Phishing Content Classification

The content of webpages offers a wealth of information that can be exploited to detect phishing attacks (Table 1, row 3). Since the goal of an attacker is to deceive users to provide their sensitive information, phishing webpages often have HTML forms and other discriminating characteristics. Therefore, the features that capture the presence of HTML forms, <input> tags, and sensitive keywords that prompt users to input username, password, credit card numbers, etc., are useful in building an HTML-based phishing classifier [10]. There are also a number of other features useful for modeling; they include the length of the HTML <form>, <style>, <script> and comments, the number of words in text and title, the number of images and iframes, the presence of hidden content, the ratio of domain names in the HTML body, and the ratio of the number of external links to the number of links under the same domain. In addition, features from URLs are used along with features engineered from the webpage contents. Once the features are defined, a supervised model, e.g., Random Forest, is trained using a set of labeled phishing and benign webpages (e.g., from feeds from Tranco and PhishTank); note, these webpages typically have to be crawled to create such a dataset. Among the set of URL and HTML features considered, experiments show ‘the number of times the domain name (of the URL) appears in the HTML contents,’ ‘the number of unique subdomains (of the main domain in the URL) present in the HTML contents,’ and ‘the number of unique directory paths for all files referenced in the HTML contents’ are important ones [11]. Although the top features might differ between studies depending on the time and the source of data (in addition to other aspects such as the model used), the conclusion that HTML features tend to be more useful than URL features in the classification of phishing pages has been observed in another recent study [12].

Limitations

In comparison to a URL-based model, although the content-based model is more accurate, the process of feature extraction from webpage contents is expensive [10, Section 9.2]. The cost of feature extraction during model training is tolerable (since it is an offline process), but during inference, this cost affects the latency experienced by a user. Before allowing a user to access a webpage, the model has to extract features from the webpage and make an inference. The HTML-based models are also susceptible to evasion attacks. For example, the three important features mentioned above can be manipulated by an attacker to evade a phishing classifier. As demonstrated in [11], one way to counter such an attack (while maintaining detection capability) is to train the classifier with added noise in such a way that, the feature importance distribution becomes uniform instead of being skewed to a small set of features. Besides carefully designing HTML pages and contents, attackers also employ cloaking techniques [2]. For example, the use of JavaScript for dynamic content rendering (often requiring user interaction) makes it challenging for automated phishing detection solutions to extract the content of malicious web pages. A recent phishing campaign targeting Office 365 users employed multiple JavaScript codes hosted on another server, to stack together a page mimicking Microsoft Office 365 login interface using Microsoft logos [1]. The page prompts users to provide their credentials to log in to their accounts. To counter such evasion techniques, an interesting approach is to directly analyze the screenshots of webpages.

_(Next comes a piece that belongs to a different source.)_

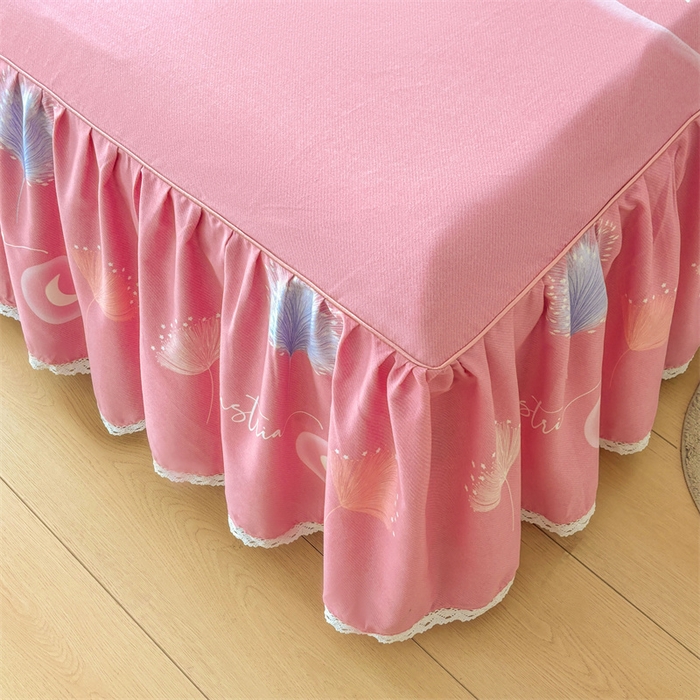 91家纺网 家纺一手货源 找家纺 缦彩 2025新款全棉纯棉磨毛印花床裙单品床裙单件单床裙花边床单三件套 花信光夕粉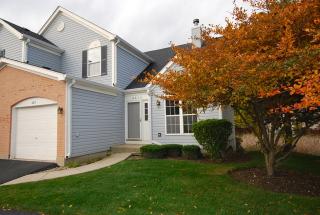 6813 Wellsley Ct, Gurnee, IL 60031-4010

Phishing Detection based on Webpage Screenshot

Phishing websites are effective in deceiving users due to the visual similarity of a phishing webpage to a well-known website being impersonated. A phishing page targeting, say, Facebook users might try to imitate the look and style of Facebook website (see Figure 1). To achieve visual similarities, the attackers use logos of the target brand/company (e.g., of Facebook’s), the structure, style, and color of the legitimate website (www.facebook.com), the content of the target website, etc., while deploying a phishing webpage. This understanding opens up a different direction of research for detecting phishing pages—that which looks for webpages impersonating well-known legitimate brands, but having domain names different from the targeted brands. For example, if a webpage looks visually similar to that of Facebook’s (www.facebook.com), but has a different domain (say, my.famous.co/9z8dccn408), then the webpage is very likely a phishing page.

DL for Screenshot-based Phishing Detection

The tremendous success of deep learning in the domain of Computer Vision has spurred new solutions in screenshot-based phishing detection (Table 1, row 4). Siamese networks and its enhancements learn the similarity of the vector representations of given images. This is achieved by training the model in a supervised way, with positive (similar) images and negative (dissimilar) images, via a loss function that decreases the dissimilarity of positive images (since they are supposed to look similar) and increases the dissimilarity of negative images. Put differently, the model is trained to differentiate between similar and dissimilar images. In VisualPhishNet [13], screenshots from a reference list of protected websites are used to train a Siamese model; subsequently, in operation, the trained model estimates the similarity between a given (potentially) suspicious webpage screenshot and all the screenshots in the reference list. A webpage that has high similarity with any website in the reference list while having a different domain is considered a phishing page.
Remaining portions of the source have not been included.